Ten adult humans are diagnosed with Zollinger-Ellison syndrome. Each of these people orally takes a tablet or a capsule (produced as described in Examples 1 to 10) having a different one of Compositions 1 to 10 once daily for twelve weeks. At the end of this period of time, each of the humans reports substantial relief from the disease. The pain and/or other symptoms of this disease are reduced. In addition, the gastric and/or duodenal ulcers resulting from the disease are reduced in size or substantially completely healed.
Ten adult humans are diagnosed with chemotherapy induced gastrointestinal toxicity. Each of these people orally takes a tablet or a capsule (produced as described in Examples 1 to 10) having a different one of Compositions 1 to 10 once daily for twelve weeks. At the end of this period of time, each of the humans reports substantial relief from the chemotherapy induced gastrointestinal toxicity.
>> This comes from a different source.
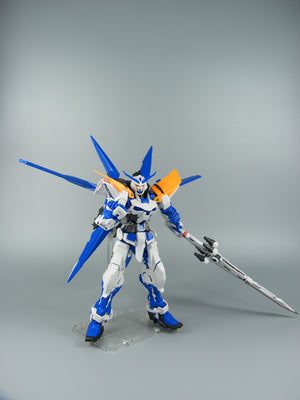 Effect Wing MG 1/100 Gundam Astray Red Frame/Blue Frame Flight Unit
The pain and/or other symptoms arising from the toxicity are reduced.
Ten adult humans are diagnosed with radiation therapy induced gastrointestinal toxicity. Each of these people orally takes a tablet or a capsule (produced as described in Examples 1 to 10) having a different one of Compositions 1 to 10 once daily for twelve weeks. At the end of this period of time, each of the humans reports substantial relief from the chemotherapy induced gastrointestinal toxicity. The pain and/or other symptoms arising from the toxicity are reduced.
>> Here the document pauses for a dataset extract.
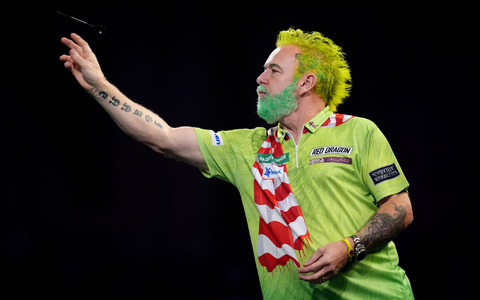 Erstmals seit Dezember 2020 ist Hopp wieder bei der WM im Einsatz. - Foto: John Walton/PA Wire/dpa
Ten adult humans have wounds from either injury to and/or surgery of the gastrointestinal tract. Each of these people orally takes a tablet or a capsule (produced as described in Examples 1 to 10) having a different one of Compositions 1 to 10 once daily for twelve weeks. At the end of this period of time, each of the humans reports substantial relief from the pain and/or other symptoms of the injury and/or surgery. In addition, the wounds from the injury/surgery have substantially completely healed.
Ten adult humans suffer from gastric ulceration. Each of these people orally takes a tablet or a capsule (produced as described in Examples 1 to 10) having a different one of Compositions 1 to 10 once daily for twelve weeks. At the end of this period of time, each of the humans reports substantial relief from the symptoms of the gastric ulcer, including blood loss, lowered hemoglobin and hematocrit volumes. In addition, the ulceration in the stomach has substantially completely healed.
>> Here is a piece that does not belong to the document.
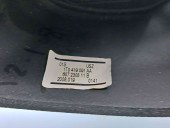  Volan Volkswagen Tiguan (5N) [Fabr 2007-2016] 1T0419091AA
The PI3k (phosphoinositide-3-kinase)/Akt phosphorylation pathway is an important cellular signal transduction pathway for the regulation of cell growth, migration, differentiation, and apoptosis. In particular, it has been shown that the PI3k/Akt pathway is essential for the proliferation of intestinal epithelial cells both in vitro and in vivo. This pathway transduces proliferative signals between receptors and cell cycle machinery in intestinal epithelial cells. Sheng H., et al., GUT 52:1472-1478 (2003).
Akt (also known as protein kinase B or PKB) is a serine/threonine protein kinase possessing a domain, the PH domain, that binds to phosphatidylinositol (3,4,5)-trisphosphate (PtdIns (3,4,5) P3, known as PIP3) with high affinity. PIP3 is formed by phosphrylation of the di-phosphorylated phosphinositide Ptdins(4,5)P2 by activated phosphoinositide-3-kinase, known as PI3k. Once formed the PIP3 can bind to Akt.
Cycloxygenase (COX) is a family of enzymes (COX 1, COX 2) involved in prostaglandin synthesis. The mechanisms of COX 1 regulation are not entirely well understood. However, considerable work has shown that COX 2 synthesis is at least partly regulated by the PI3k (phosphoinositide-3-kinase)/Akt phosphorylation pathway. Briefly, upon binding PIP3, Akt is partly activated and is able to be phosphorylated by PDK1 (3-phosphinositide-dependent kinase-1). Upon phosphorylation, Akt is fully activated, and may in turn phosphorylate IκB kinase, which phosphorylates IκB to which is recruited the transcription factors p65 and p50. The phosphorlylated IκB/p65/p50 complex then enters the cell nucleus and stimulates the transcription of COX-2. See e.g., Little et al.,
Rat intestinal epithelial cells (IEC-18 cells) are immortalized normal epithelial cells purchased from the American Type Culture Collection (ATCC). For these experiments, IEC-18 cells were cultured in high glucose Delbecco's Modified Eagle's Medium (DMEM) at 37° C. under 5% CO2 and incubated for 24 hours with either a) 5 μM of the COX-1 inhibitor SC-560 (purchased from Sigma-Aldrich, St. Louis, Mo.), 10 μM of the COX-2 inhibitor celecoxib, or 10 μM of the COX-½ inhibitor indomethacin. Drugs were provided in a 0.1% dimethylsulfoxide (DMSO) vehicle.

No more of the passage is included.